不正・事件・犯罪 企業・経営
やっぱり「徒花」だった野心溢れる28歳 詐欺容疑で逮捕された太陽光発電ベンチャー社長の人となり

「時代の羅針盤か、それとも徒花か」
 そんなタイトルで、私が本コラムで太陽光発電装置のエステート24ホールディングスを採り上げたのは、今年5月16日のことである。
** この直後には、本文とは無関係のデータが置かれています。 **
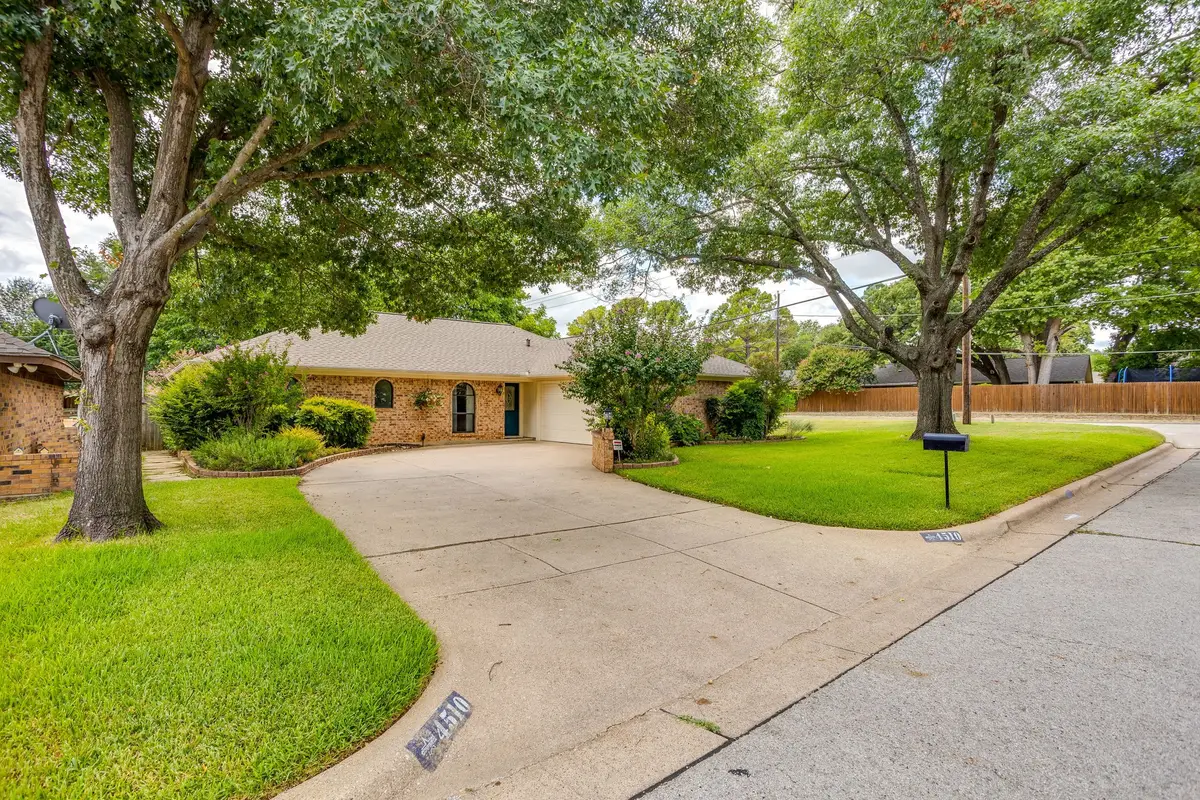 4510 Longacres Court, Arlington, TX 76016 - #1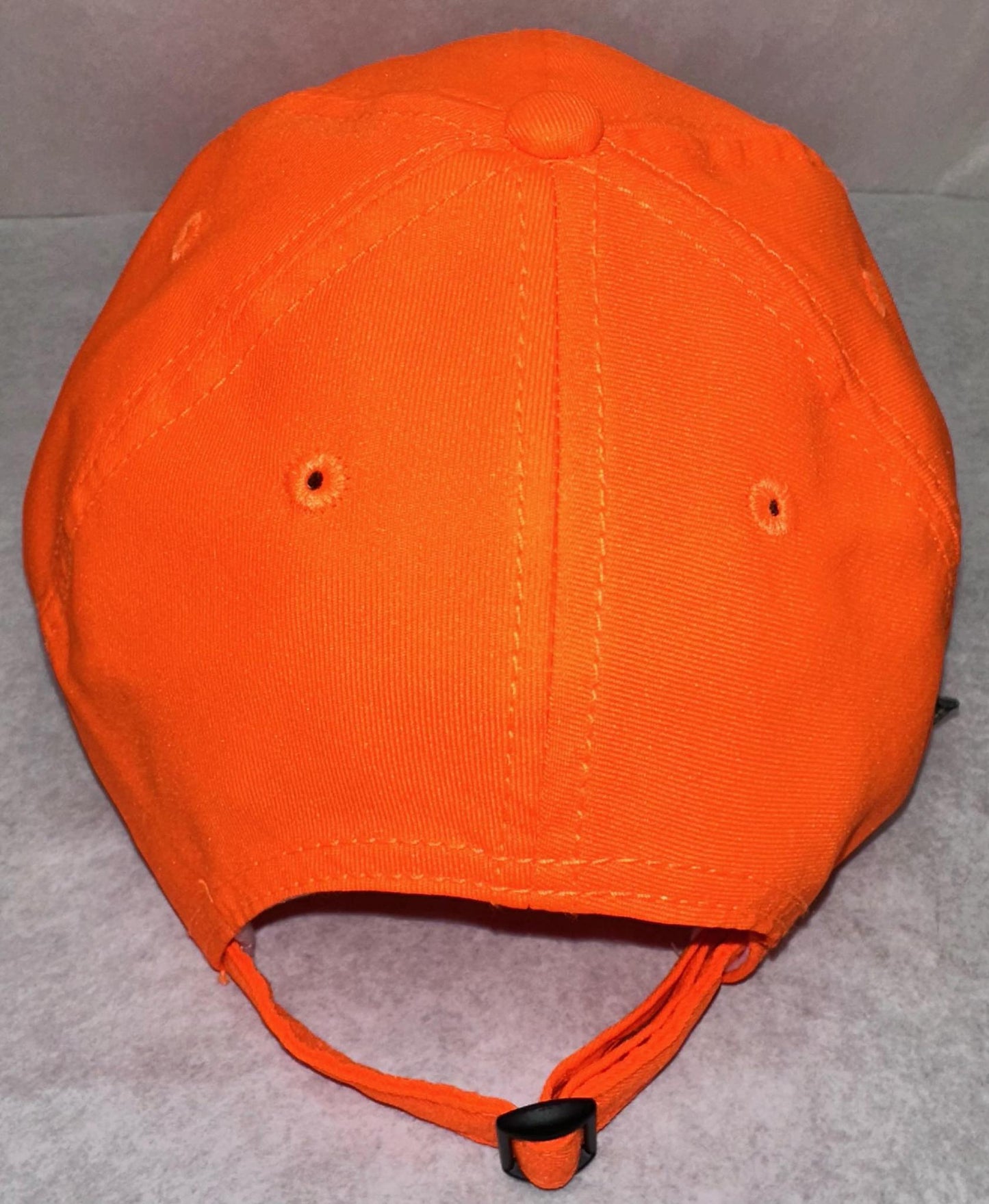 Orange Elk Hat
それから約5カ月後の10月19日、大阪府警捜査2課は、同社社長・秋田新太郎容疑者(28)を詐欺容疑で逮捕した。

 資本主義が健全な発展を遂げるには、既存のビジネスモデルや特定の企業に支配された市場を、打ち壊しながら突き進むベンチャー企業が欠かせない。概ね、若く荒削りで危ういところが多いが、リスクを取るアニマルスピリッツは刺激的で、私は、心情的には応援したいと思っている。

脇の甘さは危惧していた

 したがって記事を作成した時点で、27歳とまだ若い秋田氏には、「羅針盤になって欲しい」という願望を持っていた。
 同時に、足元を踏み固めながら進む慎重さが必要で、若さに任せて、単身、どこにでも飛び込み、誰とでも会い、結果オーライで済ませる脇の甘さは危惧していた。
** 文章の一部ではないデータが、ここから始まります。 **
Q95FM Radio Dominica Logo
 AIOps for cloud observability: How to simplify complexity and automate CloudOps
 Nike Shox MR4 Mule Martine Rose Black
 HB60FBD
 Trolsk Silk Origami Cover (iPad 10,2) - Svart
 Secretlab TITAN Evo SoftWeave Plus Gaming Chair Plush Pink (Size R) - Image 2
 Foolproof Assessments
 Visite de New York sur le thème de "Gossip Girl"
 その恐れが、「徒花か」という表現につながったのだが、結論はあまりに早く出た。
 大阪府警の発表によれば、秋田容疑者と一緒に逮捕された田中智久容疑者(36)は、昨年9月、みずほ銀行に融資を申し込む際、太陽光発電の販売実績を水増しし、「返済原資はある」と虚偽説明。
 また、他のメガバンクから融資を受けたとする偽造証明書を提出、約2億円の融資を引き出したという。

 起訴前の段階ではあるが、日本の刑事司法の起訴率、有罪率の高さを思えば、困難な立場に立たされているのは間違いなく、少なくともエステート24で行ってきた太陽光発電販売事業は、「徒花に終わった」といって差し支えない。
 というのも、今回の犯罪は、私が秋田、田中両容疑者に興味を持つ事件と相似形であり、私の取材に対して秋田容疑者は、「二度と繰り返さない」と、明言していたからである。

 順を追って説明しよう。

 秋田容疑者が、20年間固定価格で電力を買い取る「再生エネルギー買い取り制度」の追い風を受け、急成長する「ベンチャーの旗手」として注目を集めたのは昨年半ば頃からだった。設立の翌年2010年12月期の売上高が15億4,400万円、11年12月期には73億4,200万円に跳ね上がり、12年12月期はその倍増を予告していた。